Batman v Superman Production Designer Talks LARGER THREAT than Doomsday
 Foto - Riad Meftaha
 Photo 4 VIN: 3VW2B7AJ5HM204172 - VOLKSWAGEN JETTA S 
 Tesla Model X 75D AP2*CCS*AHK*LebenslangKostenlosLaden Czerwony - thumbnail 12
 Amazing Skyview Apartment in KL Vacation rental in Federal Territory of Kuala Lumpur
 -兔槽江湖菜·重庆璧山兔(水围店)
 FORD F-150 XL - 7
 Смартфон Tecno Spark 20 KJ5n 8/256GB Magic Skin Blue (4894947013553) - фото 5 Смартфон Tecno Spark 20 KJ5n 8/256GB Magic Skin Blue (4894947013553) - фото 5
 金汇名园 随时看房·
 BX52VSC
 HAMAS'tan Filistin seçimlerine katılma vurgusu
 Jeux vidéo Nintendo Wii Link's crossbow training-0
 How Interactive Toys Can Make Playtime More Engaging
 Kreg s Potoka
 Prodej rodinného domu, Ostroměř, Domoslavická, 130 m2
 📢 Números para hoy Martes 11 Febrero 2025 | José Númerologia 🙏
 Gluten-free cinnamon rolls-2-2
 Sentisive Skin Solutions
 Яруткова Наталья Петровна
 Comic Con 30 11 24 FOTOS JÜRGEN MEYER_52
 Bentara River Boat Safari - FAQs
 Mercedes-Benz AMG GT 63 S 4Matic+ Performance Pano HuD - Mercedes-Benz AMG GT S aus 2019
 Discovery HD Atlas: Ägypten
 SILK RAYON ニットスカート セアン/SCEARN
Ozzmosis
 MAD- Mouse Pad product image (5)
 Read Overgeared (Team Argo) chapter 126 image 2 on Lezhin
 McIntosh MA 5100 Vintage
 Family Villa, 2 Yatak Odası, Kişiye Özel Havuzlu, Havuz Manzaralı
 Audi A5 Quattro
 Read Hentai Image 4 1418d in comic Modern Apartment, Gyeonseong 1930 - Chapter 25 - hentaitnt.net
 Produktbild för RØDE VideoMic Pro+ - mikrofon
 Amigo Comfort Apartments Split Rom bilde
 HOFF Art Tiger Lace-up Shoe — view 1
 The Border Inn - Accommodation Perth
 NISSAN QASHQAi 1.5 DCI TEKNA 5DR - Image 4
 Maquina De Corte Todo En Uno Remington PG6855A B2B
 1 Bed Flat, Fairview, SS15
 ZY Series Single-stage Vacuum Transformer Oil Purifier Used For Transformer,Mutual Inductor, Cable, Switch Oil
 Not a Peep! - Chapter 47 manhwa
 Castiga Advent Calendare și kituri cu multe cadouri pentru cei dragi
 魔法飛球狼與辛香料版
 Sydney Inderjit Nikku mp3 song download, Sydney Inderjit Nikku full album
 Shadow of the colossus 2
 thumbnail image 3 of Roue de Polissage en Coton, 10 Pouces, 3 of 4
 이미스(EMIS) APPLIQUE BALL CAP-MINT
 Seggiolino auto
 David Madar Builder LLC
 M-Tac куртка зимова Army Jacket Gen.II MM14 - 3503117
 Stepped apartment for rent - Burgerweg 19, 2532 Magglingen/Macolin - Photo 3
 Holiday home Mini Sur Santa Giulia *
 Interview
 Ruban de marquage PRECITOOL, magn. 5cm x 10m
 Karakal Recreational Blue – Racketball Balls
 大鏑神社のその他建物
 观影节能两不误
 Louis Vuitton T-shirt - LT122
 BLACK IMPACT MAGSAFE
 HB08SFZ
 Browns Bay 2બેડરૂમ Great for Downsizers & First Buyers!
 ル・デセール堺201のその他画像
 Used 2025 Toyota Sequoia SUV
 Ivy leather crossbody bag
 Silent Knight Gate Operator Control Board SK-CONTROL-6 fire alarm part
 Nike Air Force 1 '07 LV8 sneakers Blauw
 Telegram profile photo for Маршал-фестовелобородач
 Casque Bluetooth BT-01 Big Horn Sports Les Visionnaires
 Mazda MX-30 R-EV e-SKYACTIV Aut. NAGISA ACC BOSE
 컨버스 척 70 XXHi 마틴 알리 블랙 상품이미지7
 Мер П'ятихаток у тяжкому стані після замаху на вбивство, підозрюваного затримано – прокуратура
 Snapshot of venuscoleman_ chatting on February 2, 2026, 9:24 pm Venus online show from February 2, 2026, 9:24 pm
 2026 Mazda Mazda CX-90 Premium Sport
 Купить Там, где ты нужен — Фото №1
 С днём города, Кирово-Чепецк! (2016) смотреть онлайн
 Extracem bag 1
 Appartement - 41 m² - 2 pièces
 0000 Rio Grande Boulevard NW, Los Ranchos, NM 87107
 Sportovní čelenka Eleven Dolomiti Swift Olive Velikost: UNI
----------
**Directions for this task**
What is asked for is an exact copy of the lines above from the one containing "Family Villa, 2" through the one containing "1 Bed Flat, Fairview, SS15", and only those.

**Result of this exercise**
 Family Villa, 2 Yatak Odası, Kişiye Özel Havuzlu, Havuz Manzaralı
 Audi A5 Quattro
 Read Hentai Image 4 1418d in comic Modern Apartment, Gyeonseong 1930 - Chapter 25 - hentaitnt.net
 Produktbild för RØDE VideoMic Pro+ - mikrofon
 Amigo Comfort Apartments Split Rom bilde
 HOFF Art Tiger Lace-up Shoe — view 1
 The Border Inn - Accommodation Perth
 NISSAN QASHQAi 1.5 DCI TEKNA 5DR - Image 4
 Maquina De Corte Todo En Uno Remington PG6855A B2B
 1 Bed Flat, Fairview, SS15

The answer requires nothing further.